Ваше письмо в «книгоиздательство» поразило меня[37]. Я верил, что поело всех слов, какие вам случалось говорить мне, какие нам случалось говорить друг другу, – между нами более тесные связи, чем те, которые разрываются десятиминутным обменом попреков. Неужели же вы не узнали меня изо всех моих стихов, изо всех моих речей и поступков, а узнали вот в те четверть часа, что мы стояли у полки с изданиями «Скорпиона»! Я говорил с вами через все условности общежития, через всякие «вежливости» и «салонности», а вы расслышали только обидные слова! Для меня вы уже никогда не можете стать отвлеченным Андреем Белым, и нет никого кругом, кого я так желал бы знать близким себе, как вас, – а вы пишете обо мне в третьем лице, как о чужом и чуждом!

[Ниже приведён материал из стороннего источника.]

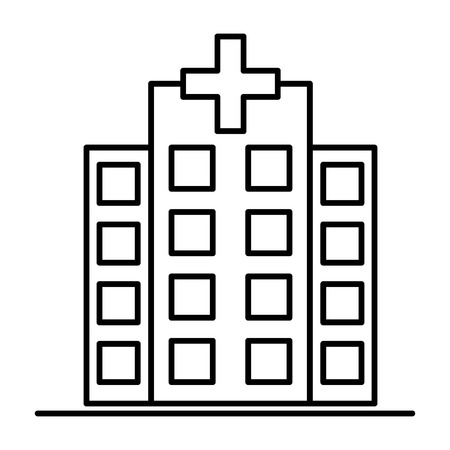 Hospital icon cross building isolated human medical view.のイラスト素材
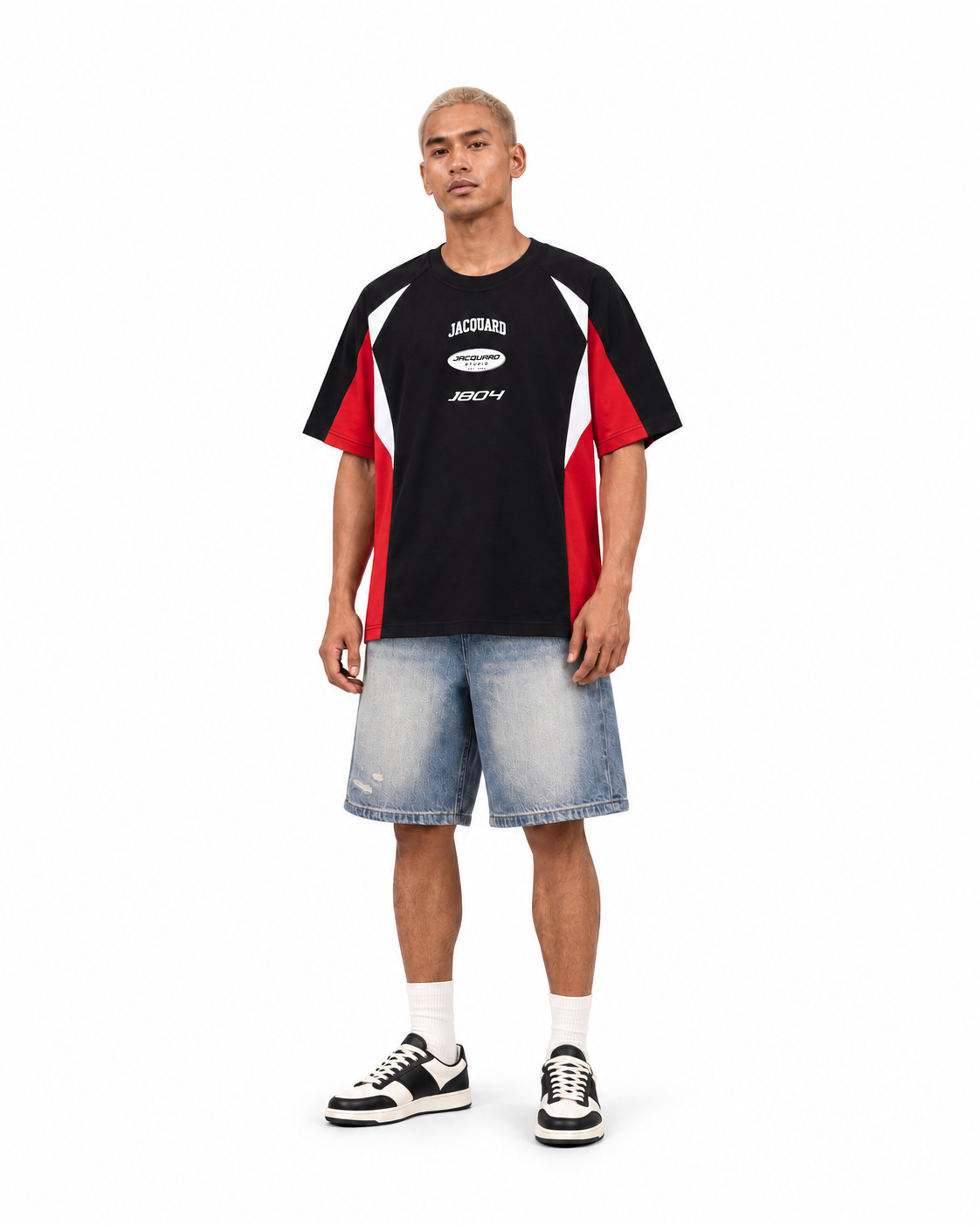 JacquardStudios Unisex Logo Raglan T-Shirt in Black with Red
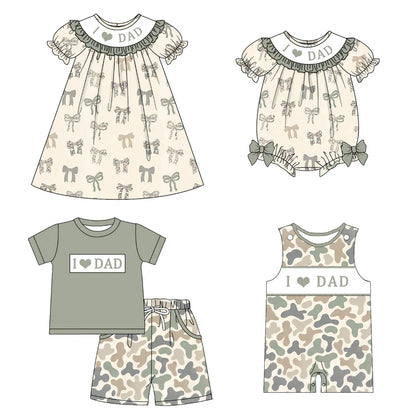 Smocked Father's Day Kids Collection – Embroidered I LOVE DAD Outfits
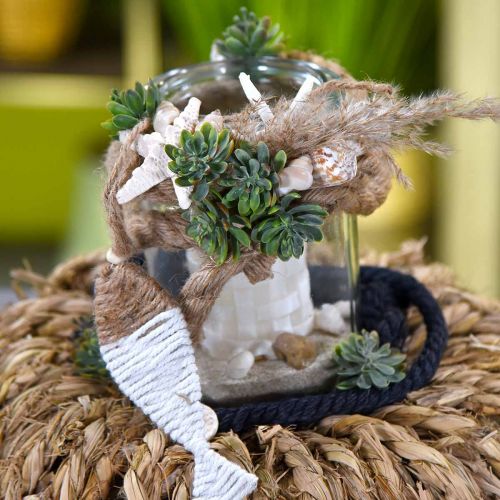 Floristik24 Maritim dekorasjonskrans jute 6 fisk med sjøstjerner 120cm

Но дело не только во мне и вас. Среди нас иная сила, пренебрегать которой мы не смеем. Маленькие чародеи, мы закляли страшного духа; он предстал; и его не заставят исчезнуть наши бессильные заклинания. Мы уже не над «Скорпионом», а в нем; мы управляем им не более, чем кормщик кораблем, крутимым бурей. И с вашим уходом «Скорпион» и «Весы», конечно, не пропадут. К нам примкнут еще многие, ибо вокруг уже образовался тот водоворот, который засасывает всех, плывущих мимо. Но с вашим уходом от «Скорпиона» будет отнято все присущее лично вам, ваша вера, ваша зоркость, ваша молодость. Наш путь изменится, правда, на ничтожный угол, но если мы продолжим линию этого пути в даль годов и в даль влияний, – как изменится цель! В вашей воле дать торжество вам желанному направлению, но вы от этого хотите отказаться. Сколько раз говорили мы с вами о недостатках «Мира искусства» и «Нового пути» (вы его называли «Бедным путем»), и вот у нас журнал, который мы можем сделать таким, как мы хотим, – и опять от этого вы хотите отказаться. Если вам дороги не только ваши стихи, и образы, и книги, – но и власть их над людьми, и торжество всего, чему вы верите, – уходя из «Скорпиона», вы совершаете преступление.
36
Перефразированное заглавие книги Ф. Ницше «Человеческое, слишком человеческое».
37
В письме идет речь о конфликте между Брюсовым и Белым, связанным с издательством «Гриф», которое было основано С. А. Соколовым в 1903 г. «Гриф» ставил перед собой те же задачи, что и «Скорпион», однако требования «Грифа» к художественному уровню издаваемых произведений были не высоки. Белый собирался сотрудничать с «Грифом» и покидать «Весы» и «Скорпион». Позже Белый изменил свои намерения, и стороны примирились.